Hal itu disampaikan oleh sejumlah kontraktor di Kota Depok beberapa waktu lalu, karena Bahtiar Ardiansyah diduga menjanjikan sejumlah paket proyek kepada sejumlah kontraktor dengan menerima sejumlah puluhan juta uang, tapi kenyataannya proyek tersebut tidak ada realisasinya.
Perilaku menjanjikan paket proyek tersebut setali tiga uang dengan mantan pimpinannya Kabid SDA Arga sesuai dengan impormasi dari para oknum KONTRAKTOR sekalipun Kabid SDA sudah dimutasikan ke Bappeda Kota Depok, namun baru-baru ini justru mendapat promosi dari Walikota Depok menjadi Sekdis di Dinas Lingkungan Hidup dan Kebersihan {DLHK} Kota Depok.
Terkait dengan Arga mantan Kabid SDA Dinas PUPR tersebut, pernah mendapat teguran langsung dari Gubernur Jabar Kang Dedy Mulyadi {KDM} saat dirinya berkunjung ke Pemkot Depok.
Dimana KDM mengatakan bahwa Arga selaku Kabid SDA tidak becus mengurus kali karena sampah berserakan di Kali Cabang Tengah yang melewati areal Kantor Walikota Depok.

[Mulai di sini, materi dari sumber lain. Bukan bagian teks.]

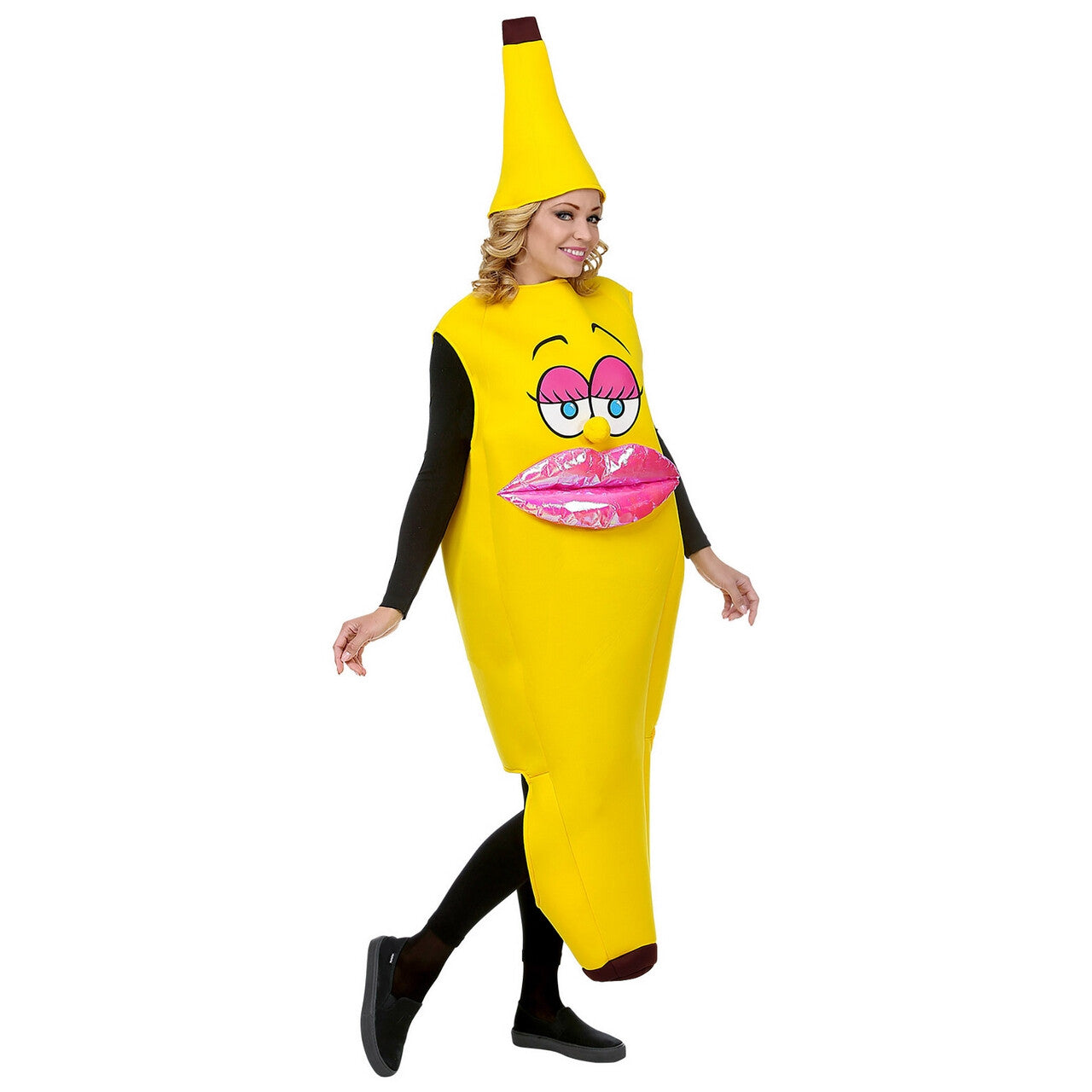 Op deze afbeelding zie je een Kostuums, van het merk Widmann. Lekker Geel Hapje Miss Banana Vrouw Kostuum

Bahkan KDM juga menyoroti terkait dengan harta kekayaan daripada Kadis PUPR Kota Depok Citra Indah Yulianty saat itu, yang lebih kaya daripada Walikota Depok Supian Suri, karena KDM punya bukti kuat dari hasil audit BPK.
Namun saat itu Citra Indah Yulianty melawan KDM dengan mengatakan bahwa hartanya itu adalah sah atau legal atas warisan dari orangtuanya.

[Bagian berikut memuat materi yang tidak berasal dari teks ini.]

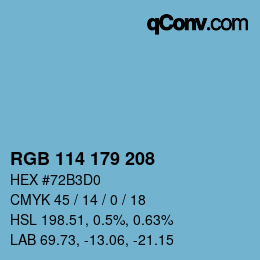 Color code: RGB 114 179 208 | qconv.com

Tapi sangat disayangakan publik bahwa kasus tersebut terkait dengan Laporan Harta Kekayaan Pejabat Negara {LHKPN} yang membengkak tersebut di Kota Depok tidak ditindaklanjuti oleh penegak hukum seperti Kejaksaan Agung maupun Komisi Pemberantasan Korupsi {KPK), hal itu tidak berjalan sebagaimana mestinya dalam penegakan hukum, ucap sejumlah kontraktor tersebut.
Sementara itu, Wartawan produktif News maun konfirmasi dengan Bahtiar Kasi Operasi Pemelihaan dan Kabid SDA yang sekarang ini untuk klarifikasi, namun sangat disayangkan tidak ada jawaban, demikian pula dengan Arga Sekdis DKLH, sangat sulit untuk ditemui dikantornya, karena pengamanan penjagaan berlapis-lapis dikantornya. Wartawan produktif News tetap berusaha menghubungi melalui HP toh tidak ada jawaban sampai berita ini di turunkan.(BBB).